1. **Load** a 10,000-example subset of the OpenMathInstruct-1 dataset
2. **Generate sentence embeddings** for the instructions using `MiniLM`
3. **Select 1,000 examples** using **KMeans clustering** to maximize diversity
4. **Also sample 1,000 random examples** as a baseline
5. **Save all outputs** to the `data/` folder for training and evaluation

## 🗂 Outputs:

| File | Description |
|------|-------------|
| `data/openmath_full.json` | All 10K instruction-response pairs |
| `data/openmath_embeddings.npy` | Vector embeddings of instructions |
| `data/openmath_selected_1k.json` | 1K clustered examples (smart selection) |
| `data/openmath_random_1k.json` | 1K random examples (baseline) |

These datasets will be used to train separate models and evaluate instruction-following quality using AlpacaEval.

In [None]:
# Only Run if Do not have env set up
!pip install datasets sentence-transformers scikit-learn tqdm

Load Dataset

In [None]:
from datasets import load_dataset
import json
import os

os.makedirs("data", exist_ok=True)

# Load first 10k examples (adjust as needed)
dataset = load_dataset("OpenMathInstruct/OpenMathInstruct-1", split="train")
dataset = dataset.select(range(10000))

# Format as instruction-response pairs
examples = [{"instruction": ex["instruction"], "response": ex["response"]} for ex in dataset]

# Save full subset
with open("data/openmath_full.json", "w") as f:
    json.dump(examples, f, indent=2)

print(f"✅ Saved {len(examples)} examples.")

In [None]:
from sentence_transformers import SentenceTransformer
import numpy as np
from tqdm import tqdm

# Load model
model = SentenceTransformer("all-MiniLM-L6-v2")

# Get instruction texts
texts = [ex["instruction"] for ex in examples]

# Embed instructions
embeddings = model.encode(texts, batch_size=64, show_progress_bar=True)

# Save embeddings
np.save("data/openmath_embeddings.npy", embeddings)

In [None]:
from sklearn.cluster import KMeans
from scipy.spatial.distance import cdist

# Cluster into 1000 groups
k = 1000
kmeans = KMeans(n_clusters=k, random_state=42)
labels = kmeans.fit_predict(embeddings)

# Get example closest to each centroid
centers = kmeans.cluster_centers_
distances = cdist(centers, embeddings)
closest_idxs = distances.argmin(axis=1)

# Select final training examples
selected_examples = [examples[i] for i in closest_idxs]

# Save selected examples
with open("data/openmath_selected_1k.json", "w") as f:
    json.dump(selected_examples, f, indent=2)

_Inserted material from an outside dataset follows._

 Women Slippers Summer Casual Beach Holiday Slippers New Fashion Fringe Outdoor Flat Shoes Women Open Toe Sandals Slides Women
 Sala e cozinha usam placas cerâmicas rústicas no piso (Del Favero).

print("✅ Saved data/openmath_selected_1k.json")


In [None]:
import random

random.seed(42)
random_idxs = random.sample(range(len(examples)), 1000)
random_1k = [examples[i] for i in random_idxs]

with open("data/openmath_random_1k.json", "w") as f:
    json.dump(random_1k, f, indent=2)

print("✅ Saved data/openmath_random_1k.json")